*** Opening RAW DATA ***
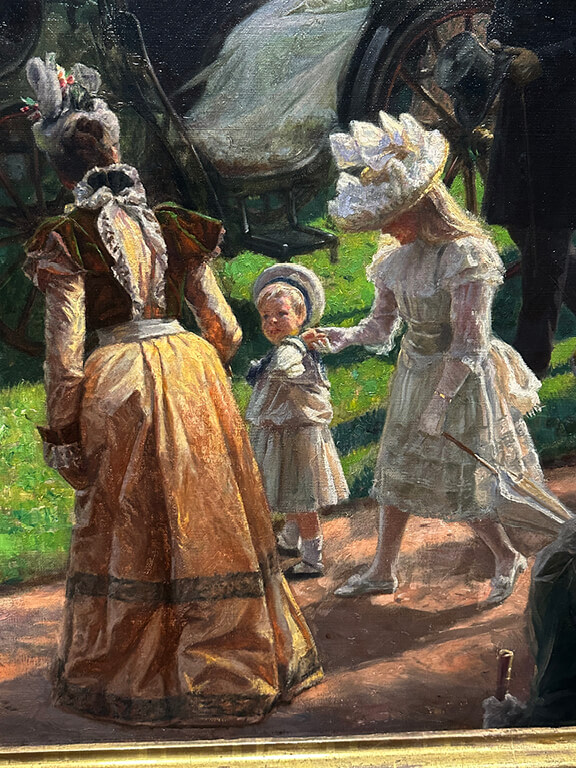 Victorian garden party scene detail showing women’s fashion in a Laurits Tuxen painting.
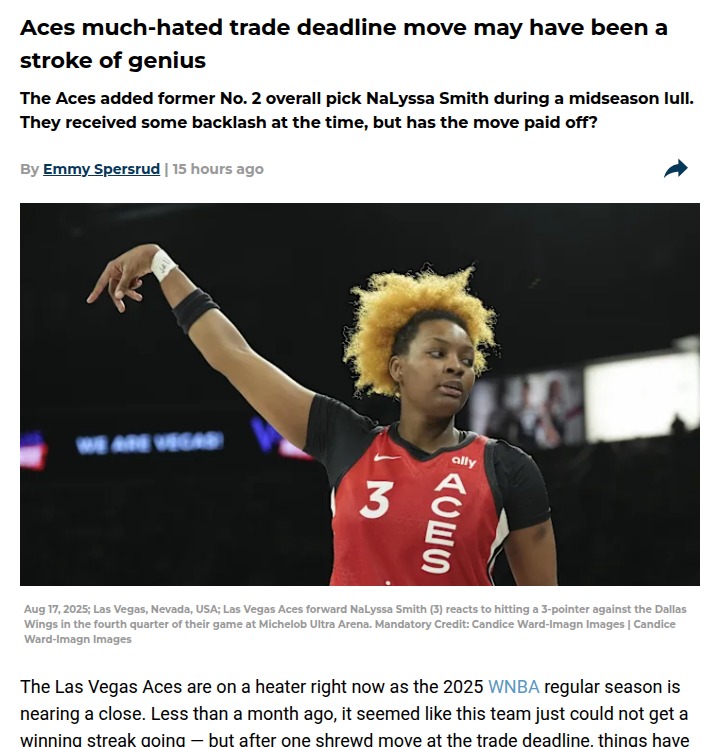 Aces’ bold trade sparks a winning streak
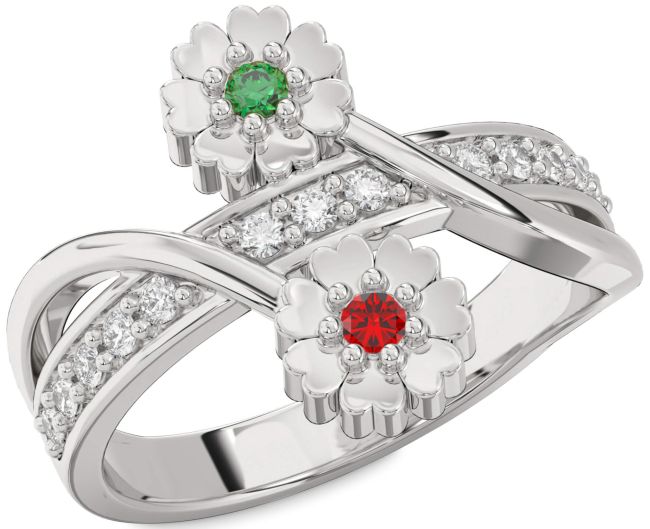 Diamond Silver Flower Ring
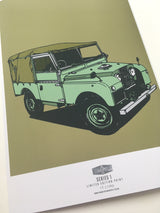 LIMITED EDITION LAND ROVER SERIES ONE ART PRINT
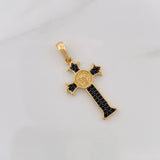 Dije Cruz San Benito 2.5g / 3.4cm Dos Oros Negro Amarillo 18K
*** Closing RAW DATA ***
**REQUIRED ACTION**
Please output all of the data exactly as given, omitting any images it holds.

**ANSWER TO THE EXERCISE**
 Victorian garden party scene detail showing women’s fashion in a Laurits Tuxen painting.
 Aces’ bold trade sparks a winning streak
 Diamond Silver Flower Ring
 LIMITED EDITION LAND ROVER SERIES ONE ART PRINT
 Dije Cruz San Benito 2.5g / 3.4cm Dos Oros Negro Amarillo 18K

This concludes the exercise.